April 2, 2020 at 2:57 am #445628Great job! I like it!
Since it is a critique, the only thing I’d suggest is to possibly make a minor value adjustment. I realize that it might also just be how jpgs look on different different monitors, but to me it appears that your lightest value “masses” are on the right and left edges; they definitely pull my eye.
It’s not a whole value step (ref: a 9-value scale following Munsell with black = 1 to white = 9) , and may just be a quarter to a half value, but it’s definitely there. I know they’re (the masses) not white in the original but they’re large enough to notice, and with the dark-light roof line contrast on the right and the brighter spot on the left, I can’t stop looking.
I might knock them down a little (again, 1/4 -1/2 value or whatever it is in reality). I used your image to slightly darken the values on the edges in photoshop – without changing anything else but you could increase the value elsewhere if you wanted (and I might), but it’s all up to you. Thanks for posting the original.

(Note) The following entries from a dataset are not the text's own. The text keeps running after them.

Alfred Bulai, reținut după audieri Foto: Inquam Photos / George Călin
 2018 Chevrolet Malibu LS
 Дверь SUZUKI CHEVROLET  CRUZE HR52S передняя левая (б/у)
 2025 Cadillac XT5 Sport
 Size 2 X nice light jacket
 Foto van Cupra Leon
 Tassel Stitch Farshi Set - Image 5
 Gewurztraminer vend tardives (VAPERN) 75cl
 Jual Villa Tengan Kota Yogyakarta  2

- This reply was modified 4 years, 1 month ago by Jim Fitzgerald.
April 2, 2020 at 5:20 am #445763Thank you both for your input. I rally appreciate you taking the time to help me out 💕
April 27, 2020 at 8:45 am #493924This is a gorgeous painting, Kara–I especially love the color (rich without being overwhelming) and the painterly brushwork! You make me want to paint this lovely spot too.
My main critique would be the lack of a clear focal point. This is made more difficult by the “stripey” nature of the scene: a stripe of water, a stripe of building, a stripe of foothills, a stripe of hills/mountains, and a stripe of sky. This kind of subject makes dynamic composition more difficult, though the palms help with that.
Right now, I feel that the cluster of palms on center right, the peaked roof on center left, and the bright spot in the hills at center top are all competing to be the primary focal point. I would choose one–probably the peaked roof, but the palms would be ok, too–and play it up. Let’s say you chose the roof. I would increase the value contrast there and add some sharper edges, some additional details, probably a streak of hotter red on the roof there and/or some other more intense color(s) such as a strong blue in the shadow. Basically, that focal point should, if possible, have the greatest value contrast, the most saturated color, and the highest level of detail–though not so much as to overwhelm the rest of the painting or stand out in a jarring manner. I’ll guess you more or less understand this already, but got carried away on the scene by the other points of interest. Happens to me, too, I’ll freely admit! Anyway, I think I’d also add a bit of atmospheric perspective to the hills/mountain, slightly lightening them, to keep them from competing as much with the foreground and push them back in space a bit. It might have looked exactly as you painted it, so it’s a personal decision whether to stick with that or not, but I believe it would make for a more effective image.
Hope you find this helpful! 🙂
(By the way, some changes made at home to an alla prima painting done on location can spoil its natural feel–changing the hills might be counterproductive now, though I would recommend it if you were painting a similar scene again. It’s tricky to figure out which alterations are worth risking at home, and which are only wise to do while still working plein air.)